■ What you need to do
Starting at the line with "Image 1 : RED" and stopping at the final line, retype the data below exactly; do not carry over any pictures.

■ Exercise data
((

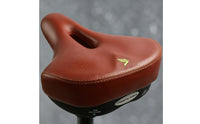 Soft Inflatable Bike Saddle Perforated Hollow Bike Saddle Breathable Padded Cycle Seat Shock Absorption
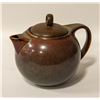 Image 1 : RED AND BROWN MARBLED GLAZED TEAPOT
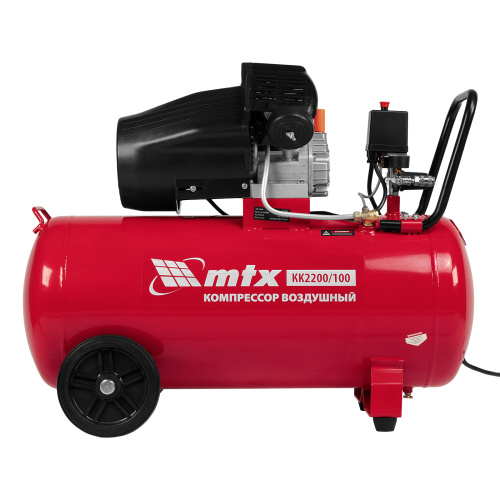 Компрессор воздушный КК-2200/100, 2,2 кВт, 350 л/мин, 100 л, прямой привод, масляный MTX по ценам производителя в Москве с доставкой по всей России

))

■ Answer box
 Image 1 : RED AND BROWN MARBLED GLAZED TEAPOT
 Компрессор воздушный КК-2200/100, 2,2 кВт, 350 л/мин, 100 л, прямой привод, масляный MTX по ценам производителя в Москве с доставкой по всей России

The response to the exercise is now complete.